To really understand it, you need to look at where else it was used. Let me give you a few examples…
“And this he said about Judah: “Hear, O LORD, the cry of Judah; bring him to his people. With his own hands he defends his cause. Oh, be his help against his foes!” – Deuteronomy 33:7
“We wait in hope for the LORD; he is our help and our shield.” – Psalm 33:20
“Yet I am poor and needy; come quickly to me, O God. You are my help and my deliverer; O LORD, do not delay.” – Psalm 70:5
Do you hear it ladies? Do you see the real call to us that was intended with our Ezer title?
Comrade. Ally. One who fights beside them.

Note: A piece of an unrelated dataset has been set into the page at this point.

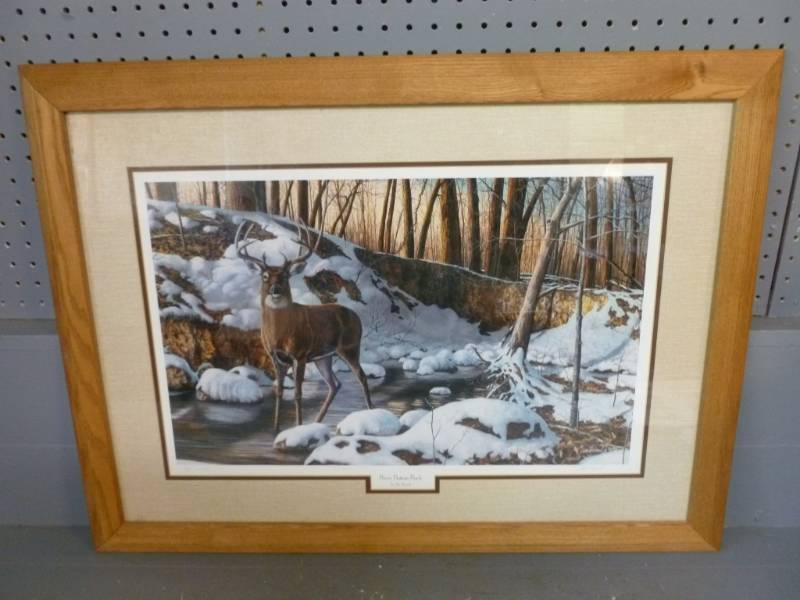 lot 40 image: Jim Hansel Print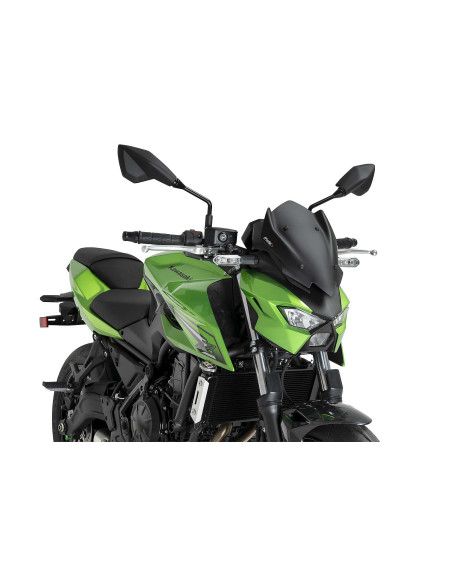 PUIG CUPOLINO NAKED N.G. SPORT PER KAWASAKI Z650 S 2026 NERO OPACO | Puig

Rescuer. Lifesaver. One who fights for them.
Perfect Compliment. One who they can’t win without.
The word is used to describe our God, our Great Ezer. And us as wives.
There will be a time when he needs us most. When he is undervalued or unfulfilled at a job he knows provides for his family. When he is feeling sorrow and grief that he doesn’t know how to express. When he is struggling in sin. When he is is fighting a battle within his own mind and heart and the odds seem to be against him.
And that is the place when it is so easy to pull away, because the words sting and the sin betrays and the man who stands before you now does not even resemble the one who stood before you as you said those vows.
But it is when he needs you most.
You can’t take responsibility for his actions and you certainly aren’t condoning his behavior, but you can realize that perhaps, like me, you left your post. You dropped your guard. You went AWOL on being his ezer.
On the brink of marital collapse, I realized I couldn’t change my husband or his behavior, but I could accept responsibility for my part and seek my Great Ezer to help me not retaliate and not retreat when my husband needed me to come alongside and fight with him, fight for him.
This was my chance to be Christ-like in my response to my husband and react with love, forgiveness, selflessness and grace. My husband saw my response and it helped him fully grasp the love and grace God had for him. It let him know that I was his wife, his divine ezer perfectly provided by God to walk this earth with and that I would be with him, by his side, helping him win these battles. His fight would be my fight. The victory would be ours together.
The truth is all of our marriages are in a battle. We have an enemy who seeks to steal and destroy. We are under the constant barrage of a culture that gives us an arsenal of justifications for waving the white flag of defeat. We need to stop fighting each other and realize we have a common enemy.
Fight the good fight for your man and your marriage, because this may just be when he needs you most.